Search the records that follow and extract every line containing the string "Laser".
--- Extracted material Enclosed Below ---
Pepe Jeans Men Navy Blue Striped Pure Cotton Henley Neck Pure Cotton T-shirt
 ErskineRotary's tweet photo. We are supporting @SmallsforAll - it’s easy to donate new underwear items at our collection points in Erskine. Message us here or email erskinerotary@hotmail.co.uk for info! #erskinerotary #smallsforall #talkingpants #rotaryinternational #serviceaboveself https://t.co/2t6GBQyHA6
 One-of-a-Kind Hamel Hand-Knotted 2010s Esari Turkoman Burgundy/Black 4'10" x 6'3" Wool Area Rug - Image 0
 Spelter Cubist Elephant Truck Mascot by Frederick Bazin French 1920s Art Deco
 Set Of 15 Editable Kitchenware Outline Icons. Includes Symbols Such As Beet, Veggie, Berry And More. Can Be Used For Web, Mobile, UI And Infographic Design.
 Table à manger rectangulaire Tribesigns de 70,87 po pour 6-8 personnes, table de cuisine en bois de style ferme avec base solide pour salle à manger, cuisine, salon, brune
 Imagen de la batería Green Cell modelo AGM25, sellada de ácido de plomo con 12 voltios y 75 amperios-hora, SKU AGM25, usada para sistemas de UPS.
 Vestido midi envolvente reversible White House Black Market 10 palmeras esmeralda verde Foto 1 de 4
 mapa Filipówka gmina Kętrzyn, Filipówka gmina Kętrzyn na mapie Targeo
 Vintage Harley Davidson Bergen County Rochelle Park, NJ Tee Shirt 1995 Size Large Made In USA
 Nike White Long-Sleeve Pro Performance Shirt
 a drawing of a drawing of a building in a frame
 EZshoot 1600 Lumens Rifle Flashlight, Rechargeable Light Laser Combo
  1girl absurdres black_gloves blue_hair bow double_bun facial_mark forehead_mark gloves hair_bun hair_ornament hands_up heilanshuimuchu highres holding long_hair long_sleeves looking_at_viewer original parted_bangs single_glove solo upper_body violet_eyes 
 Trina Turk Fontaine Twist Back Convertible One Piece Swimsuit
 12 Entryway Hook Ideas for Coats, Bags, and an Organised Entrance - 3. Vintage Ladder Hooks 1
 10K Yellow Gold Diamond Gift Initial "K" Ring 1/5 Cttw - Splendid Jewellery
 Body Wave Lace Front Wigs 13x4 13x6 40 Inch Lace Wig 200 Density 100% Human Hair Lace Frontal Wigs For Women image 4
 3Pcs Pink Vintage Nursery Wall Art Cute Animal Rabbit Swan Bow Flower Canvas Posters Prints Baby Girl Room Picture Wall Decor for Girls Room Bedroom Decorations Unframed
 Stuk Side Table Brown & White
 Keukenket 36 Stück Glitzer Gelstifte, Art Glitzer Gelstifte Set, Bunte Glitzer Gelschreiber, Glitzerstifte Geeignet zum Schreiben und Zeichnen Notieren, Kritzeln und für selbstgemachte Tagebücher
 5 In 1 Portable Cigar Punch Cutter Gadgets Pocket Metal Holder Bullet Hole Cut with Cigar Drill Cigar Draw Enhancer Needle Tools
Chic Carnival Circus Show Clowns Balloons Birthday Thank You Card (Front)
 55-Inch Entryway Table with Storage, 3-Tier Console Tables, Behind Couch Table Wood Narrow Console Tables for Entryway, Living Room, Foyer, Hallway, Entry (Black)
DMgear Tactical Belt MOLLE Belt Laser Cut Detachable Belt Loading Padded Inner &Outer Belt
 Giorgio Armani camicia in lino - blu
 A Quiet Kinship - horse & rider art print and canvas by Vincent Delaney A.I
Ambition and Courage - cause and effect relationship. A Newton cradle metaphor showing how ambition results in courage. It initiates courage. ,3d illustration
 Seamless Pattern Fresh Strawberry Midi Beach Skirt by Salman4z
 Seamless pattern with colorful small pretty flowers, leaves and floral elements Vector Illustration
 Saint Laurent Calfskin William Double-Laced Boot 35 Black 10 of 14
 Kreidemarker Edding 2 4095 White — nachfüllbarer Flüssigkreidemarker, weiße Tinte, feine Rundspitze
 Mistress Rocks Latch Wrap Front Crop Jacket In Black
--- End of Enclosed Extracted material ---
● **Answer section**:
 EZshoot 1600 Lumens Rifle Flashlight, Rechargeable Light Laser Combo
DMgear Tactical Belt MOLLE Belt Laser Cut Detachable Belt Loading Padded Inner &Outer Belt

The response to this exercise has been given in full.